<<<<

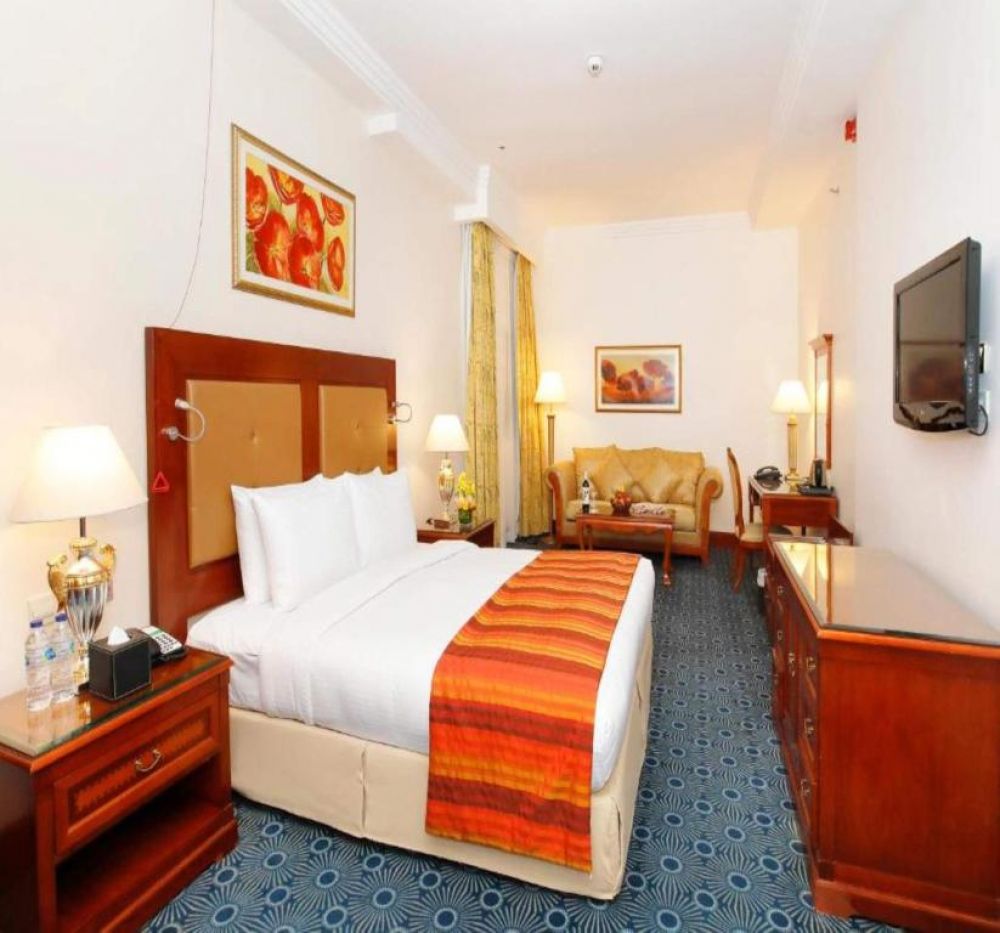 Standard Classic Room (king/twin), Sunday Holiday International Hotel (ex. Holiday International Hotel Embassy District) 4*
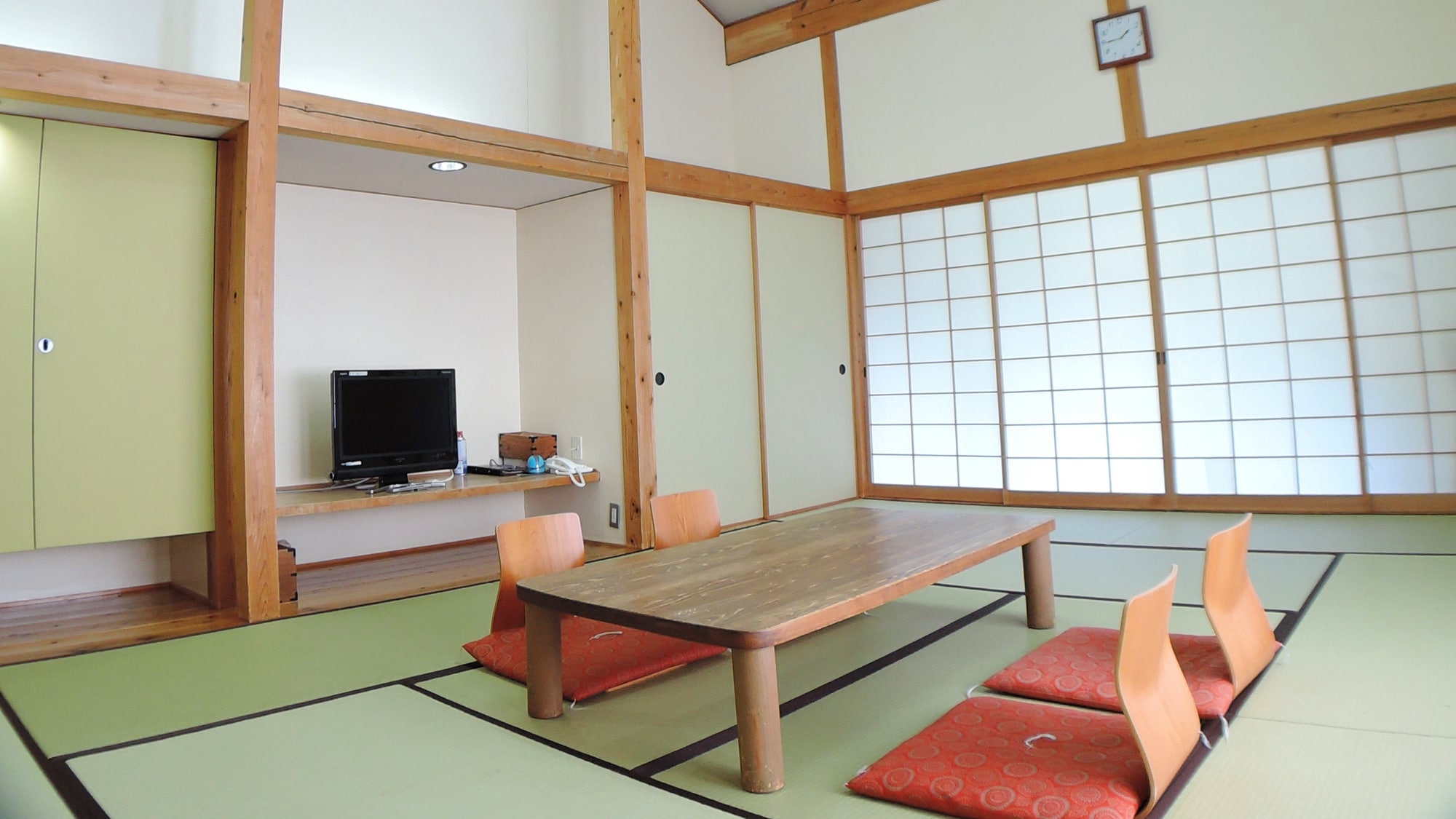 * (Lampiran) Kamar bergaya Jepang dengan loteng, 6 tikar tatami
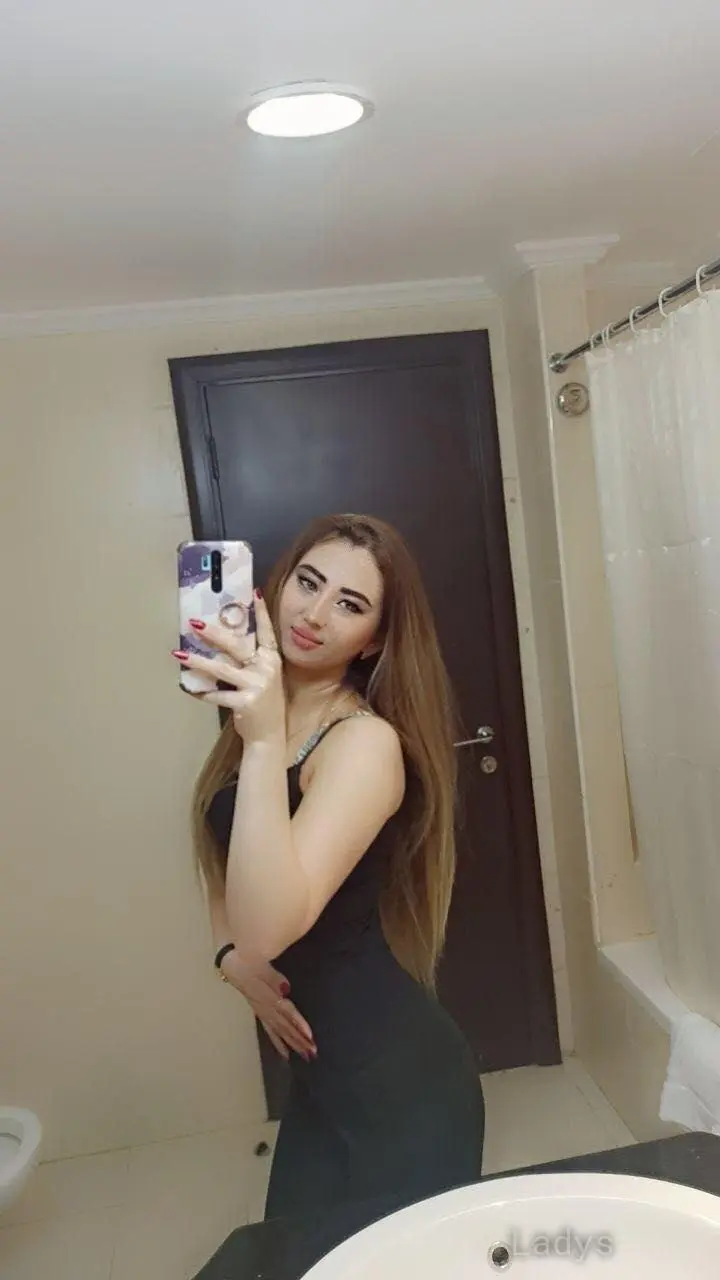 Nitasha, 23 years old Hyderabad escort girl with big tits, height 154 sm, Weight  kg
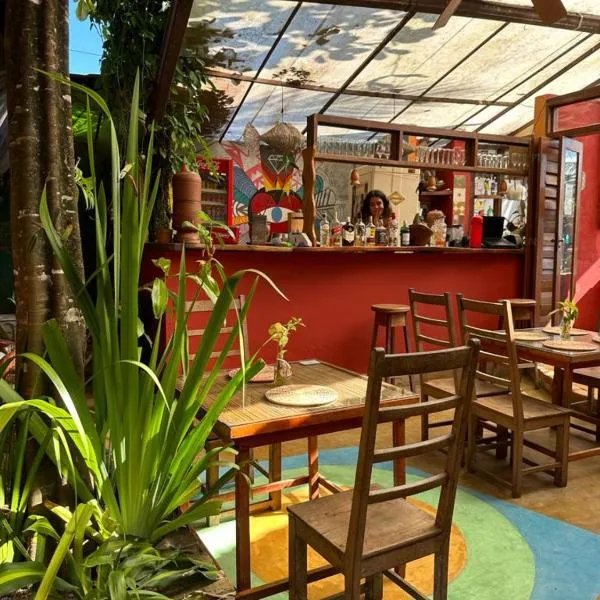 Mais Que Nada Itacaré - Hostel, Bar & Breakfast, hotel v destinaci Itacaré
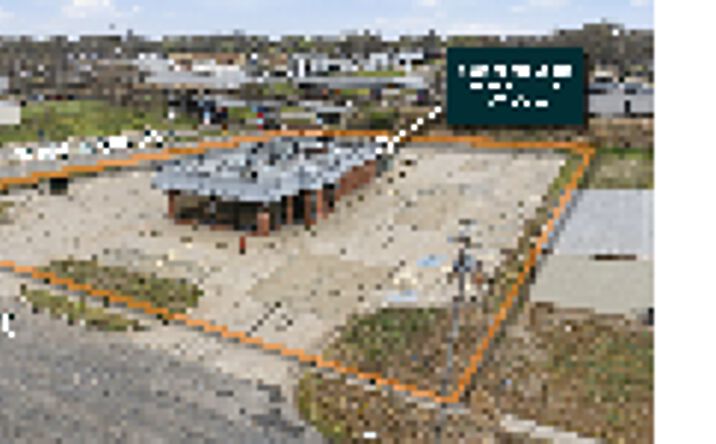 Pictures of Retail property located at 700 N 1st St, Ponca City, OK 74601 for sales - image #1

>>>>

--- WHAT IS BEING ASKED ---
Output each line of the records exactly. Any picture is skipped.

--- WRITTEN RESPONSE ---
 Standard Classic Room (king/twin), Sunday Holiday International Hotel (ex. Holiday International Hotel Embassy District) 4*
 * (Lampiran) Kamar bergaya Jepang dengan loteng, 6 tikar tatami
 Nitasha, 23 years old Hyderabad escort girl with big tits, height 154 sm, Weight  kg
 Mais Que Nada Itacaré - Hostel, Bar & Breakfast, hotel v destinaci Itacaré
 Pictures of Retail property located at 700 N 1st St, Ponca City, OK 74601 for sales - image #1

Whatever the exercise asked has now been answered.